Regarding behavioral characteristics, for alcohol consumption for four days or more, the occurrence of sexual violence was 192% higher compared to those who never consumed alcohol. In a systematic review study that analyzed the association between alcohol use by women and experience of victimization of physical and/or sexual violence by an intimate partner, a positive association between alcohol use and intimate partner victimization among women was observed [52].
A study conducted in the United States showed that women with a recent history of intimate partner violence were more likely to consume more alcohol compared to women who did not suffer abuse [53]. The literature suggests that alcohol consumption is a contributing cause, or a moderating factor that increases aggressive behavior in severity, since consuming it does not result in aggression in all individuals and in all circumstances [54]. Data collection in our study was performed during the pandemic; thus, it is worth noting that the literature shows a higher alcohol use during this period, which may have further exacerbated the situation of domestic violence [55].
The study of violence still encompasses certain difficulties in the process of defining and accepting the act by the victim, especially when the aggressors are people close to them. One of this study’s limitations is the information bias considering the many questions related to the concept of violence that can influence the accuracy of information provided by the participants. This can lead to an underestimation of the prevalence presented; however, to minimize it, we highlight that the interview was always conducted in a private space, where only the interviewee and interviewer were present. Moreover, reverse causality can occur due to the cross-sectional design of the study, considering that some of the variables measured cannot determine their temporality, especially regarding behaviors, such as alcohol use, religion, and marital status. However, they are important variables for public health in the context of violence and should be measured. In this study, the association between violence was not presented, such as the occurrence of different types of violence intimate partner. Therefore, it is recommended that other studies be carried out to analyze the co-occurrence of types of violence. Thus, despite the limitations, this study shows alarming data on violence against women during the pandemic and draws attention to the vulnerability of this group in the domestic environment, which should be a place of rights protection.
Conclusion
The prevalence of violence psychological against women perpetrated by an intimate partner during the pandemic was the most frequent, followed by physical and sexual violence. This study identified associations of violence against women during the pandemic perpetrated by their partners with sociodemographic characteristics, family and life experiences about violence, and behavioral characteristics.

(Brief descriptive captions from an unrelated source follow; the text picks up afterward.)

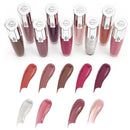 12x L'Oreal Paris Glow Paradise Plumping Lip Gloss 7ml 402 I Soar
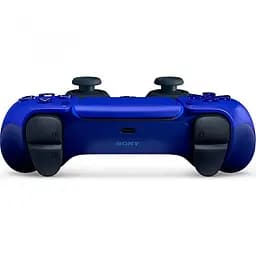 Геймпад Sony PlayStation DualSense Cobalt Blue - мініатюра 4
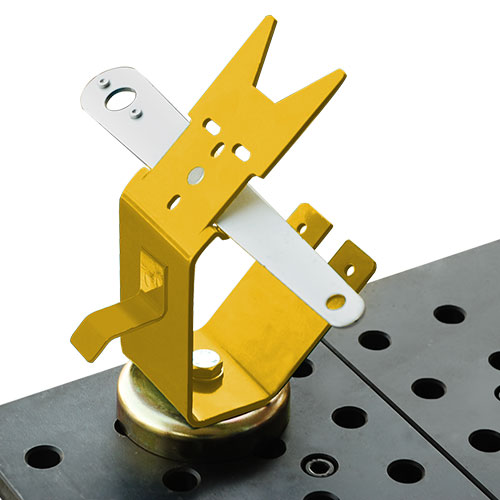 Suport Magnetic pentru Flex/Polizor Unghiular si Accesorii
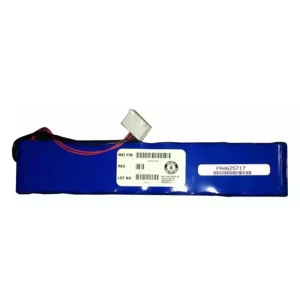 Aku sobib GE 420315-001 BATT/110184 120184,Marquette Electronics Eagle 4000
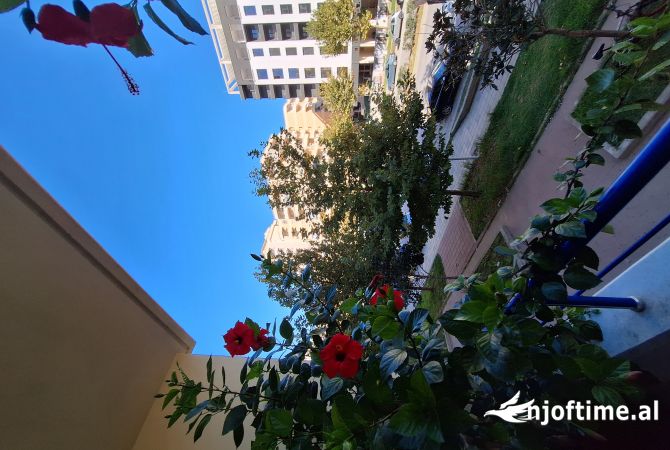 Shtepi me qera 2+1 ne Vlore - 450 Euro
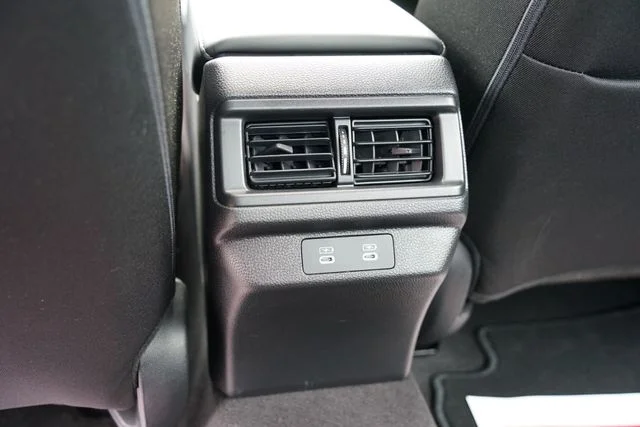 Used 2025 Silver Honda Sport image 9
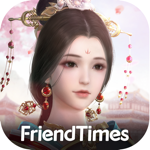 Fate Of The Empress Logo
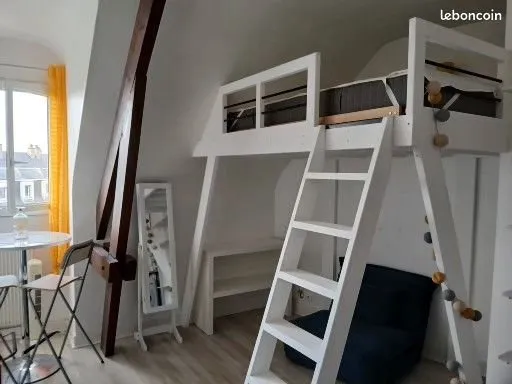 Studio meuble hyper centre
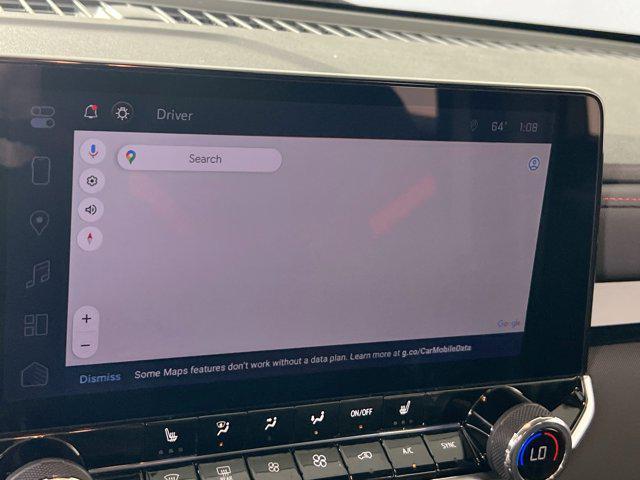 used 2024 Chevrolet Colorado car, priced at $41,541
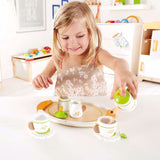 Hape - Tea Set For Two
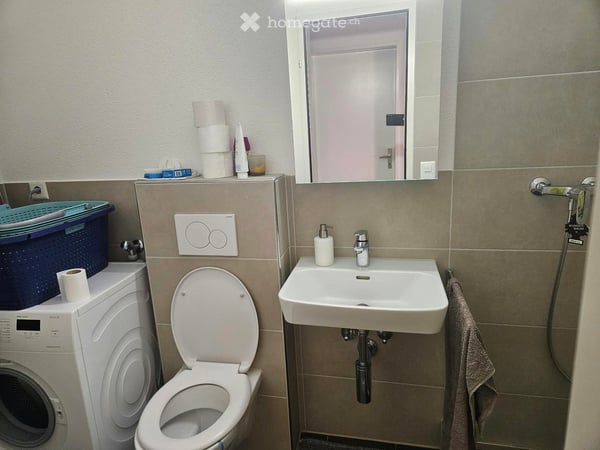 Charmante 3.5-Zimmer-Gartenwohnung in Niederhasli – viel Platz zum Wohnen & Geniessen 6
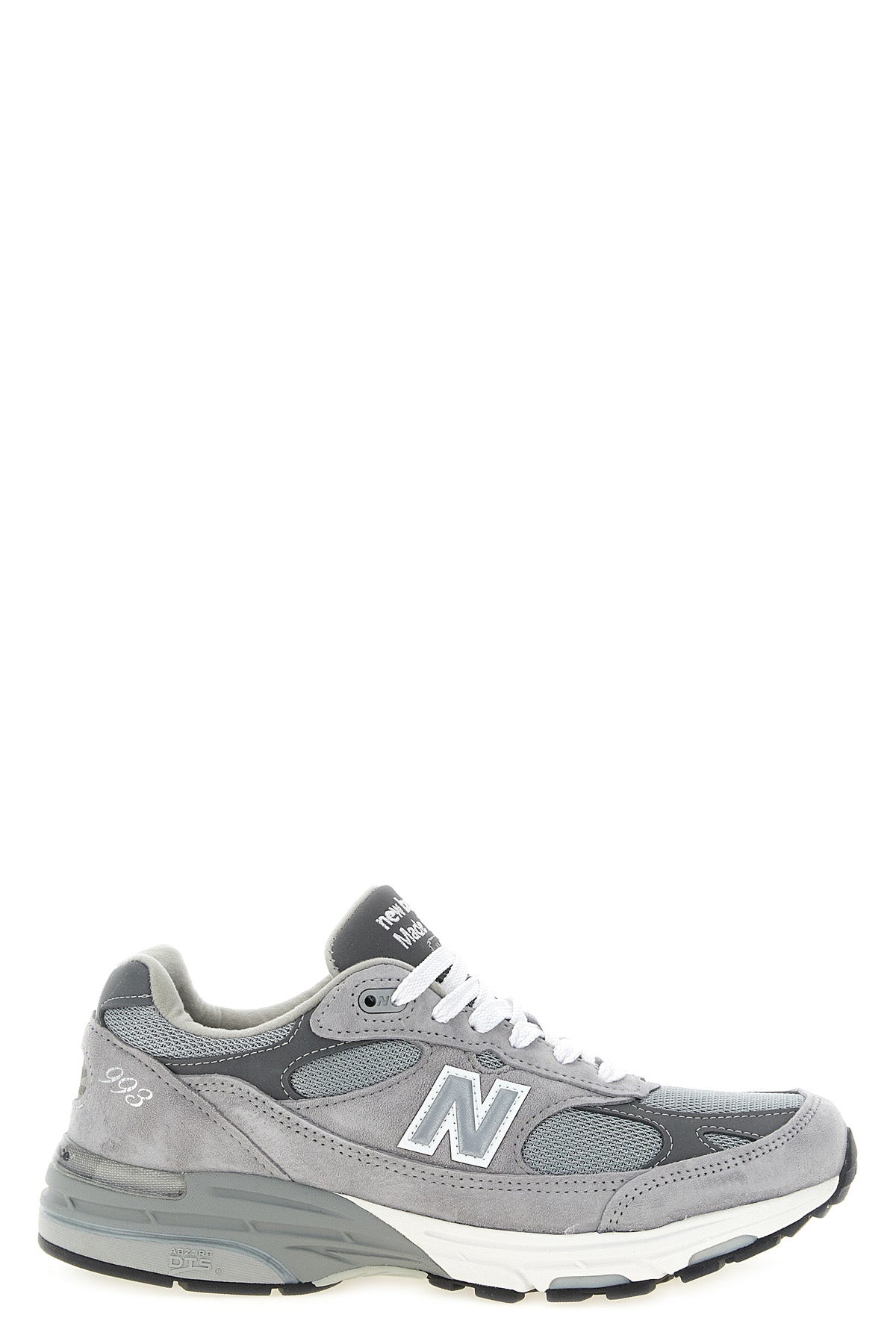 the new balance made in usa 993 sneakers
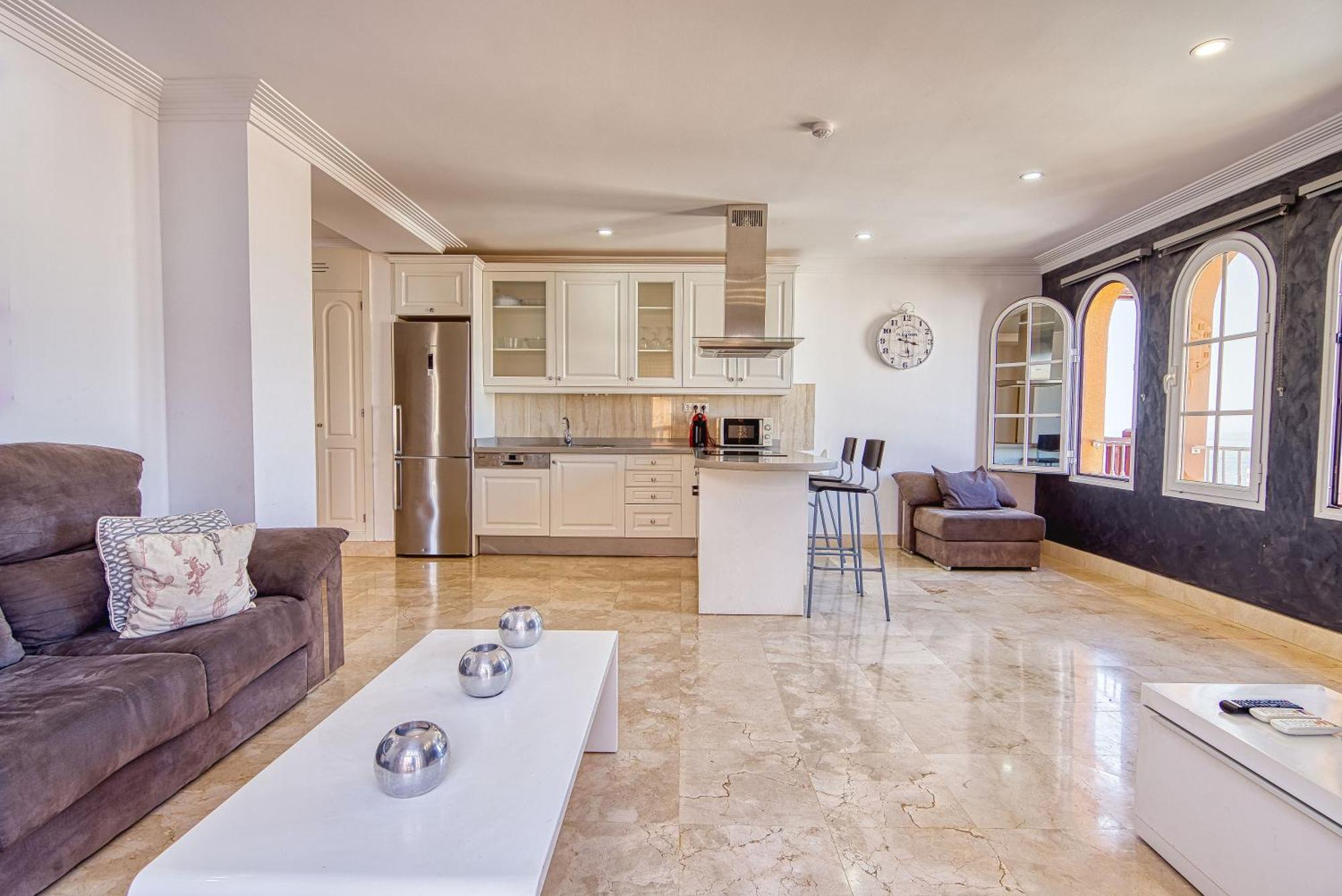 Monte Carrera 723 Apartamento Arguineguin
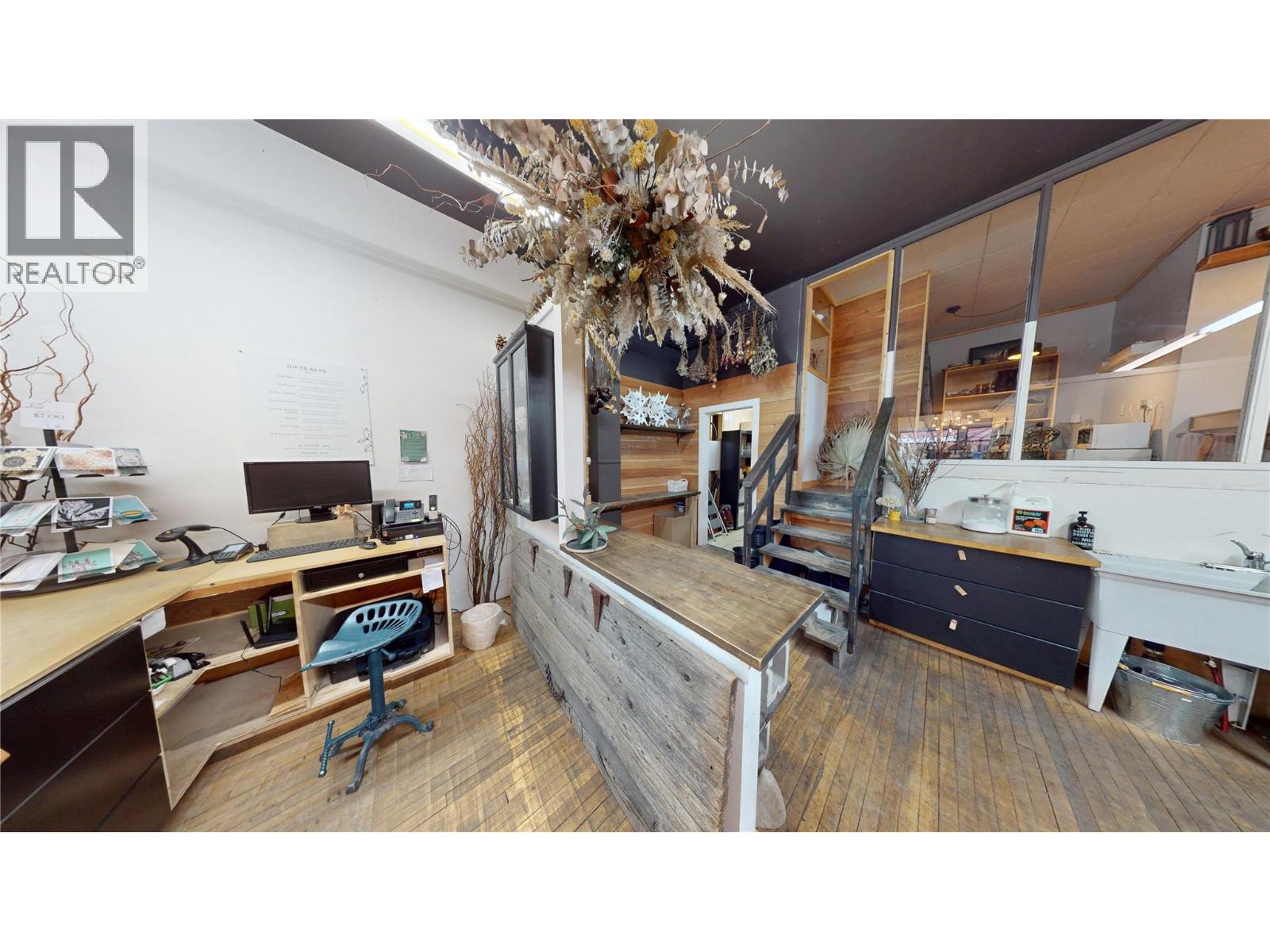 421C 2nd Avenue, Fernie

It is necessary to be aware of this profile in victims of violence against women perpetrated by their intimate partner during a pandemic period, considering that this is a moment in which several strategies are conducted to contain the disease’s spread, such as social isolation, which can worsen the scenario of gender violence. Since certain characteristics are associated with a higher prevalence of these types of violence, it is expected that the data discussed in this study help to create and plan public policies to combat gender violence perpetrated by intimate partners.